The United States presidential race came to campus Thursday night with a lighthearted yet fiery mock debate featuring Bowdoin students representing each of the five remaining presidential candidates. 
Jointly moderated by Jack Lucy ’17 of the Bowdoin Republicans, Amanda Bennett ’17 of the Bowdoin Democrats and Noah Safian ’17, the debate touched on topics from immigration to climate change over the course of an hour and a half in Smith Union’s Morrell Lounge.

 “Our goal is to encourage discourse of ideas and provide a more active platform for engaging between different candidates ideas,” said Safian before the debate.

 Each candidate was played by a current Bowdoin student: Damian Ramsdell ’17 as Bernie Sanders, David Levine ’16 as Hillary Clinton, David Jimenez ’16 as John Kasich, Francisco Navarro ’19 as Ted Cruz and Jordan Moskowitz ’16 as Donald Trump. All students—with the exception of Navarro—were backers of their candidate.

Safian said that organizers approached several female students to play the role of Clinton. However, after the students declined, Levine took the role.

 The debate began with two minute opening statements, followed a series of questions asked by the moderators. 

With thick black glasses and a wig, Ramsdell took Sanders’ persona to heart—with numerous invectives against “millionaires and billionaires” delivered in a thick Brooklyn accent. 

At one point, he attacked Moskowitz’s Trump over his stance on targeting the families of terrorists. 
“You’re using the moral compass of a terrorist organization,” said Ramsdell.

 Moskowitz, in contrast, came equipped with a “Make America Great Again” hat and portrayed a calm Trump—albeit with the same signature hyperbole: “I’m a winner; I build things,” he said. 

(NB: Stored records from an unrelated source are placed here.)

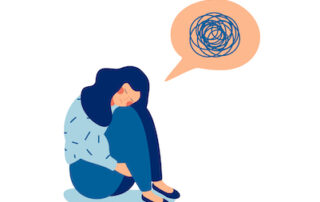 grief, anxiety symptoms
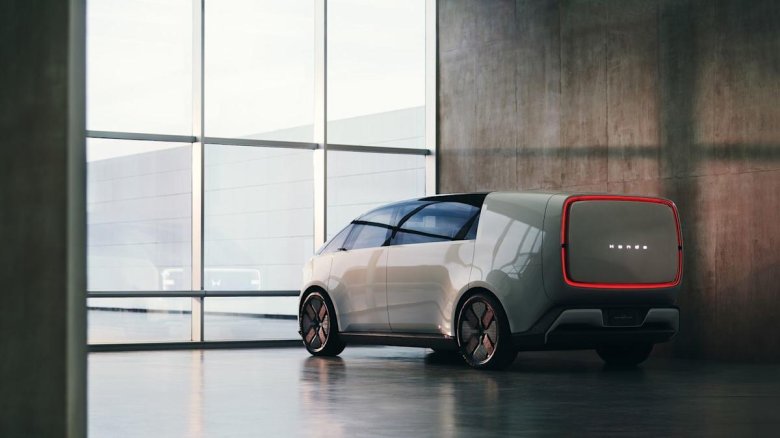 Honda электромобиль 2024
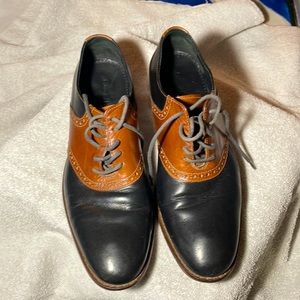 Cole Haan Men’s Dress Shoes Size 10 Black/Brown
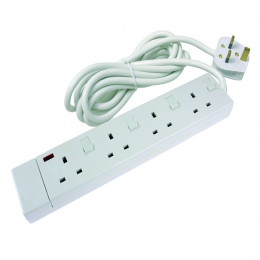 CED 4 Way Extension Lead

Moskowitz was occasionally met with boos from the audience. However, his attack on Clinton’s handling of the attack on the U.S. embassy in Benghazi, Libya was followed by much applause. 
Jimenez played an eloquent Kasich, weaving through fraught topics like same-sex marriage and immigration while making a case for “compassionate, pragmatic conservatism.” 

Next up—in what may have been a preview of general election debates to come—Levine’s Clinton went after Trump over his soft-handed approach to Putin. “He [Trump] is a bully,” she said. 

Finally, Navarro’s Cruz was notable for his strong arguments on religious liberty and abortion—which he dubbed the “genocide of our times.”

After the main question round, the debate continued with a speed round of questions unrelated to political policy. 

The audience discovered that Clinton preferred Crack to Red Brick, that Trump’s White House pet would be “a donkey named Hillary” and that Sanders preferred Moulton over Thorne because “like the average worker, [he] line serves there three times a week.” 

At the end of the debate, each student offered their thoughts on the candidate they represented.
 Jimenez joked about being known as the “Kasich guy” on campus, with his Kasich-sticker-adorned water bottle and his countless hours spent volunteering for the campaign in New Hampshire, Maine and Massachusetts.

Navarro noted that, although he is not a Cruz supporter, he is a registered Republican—one “still mourning the exit of Marco Rubio from the race.”

Moskowitz spoke of “Trump’s devotion to the nation,” and Levine noted that Clinton “has a number of workable ideas that will actually make people’s lives better.”

And Ramsdell—in a line that seemed plucked straight out of a Bernie speech—closed with the assertion that “the only time real change happens is when people make it happen.”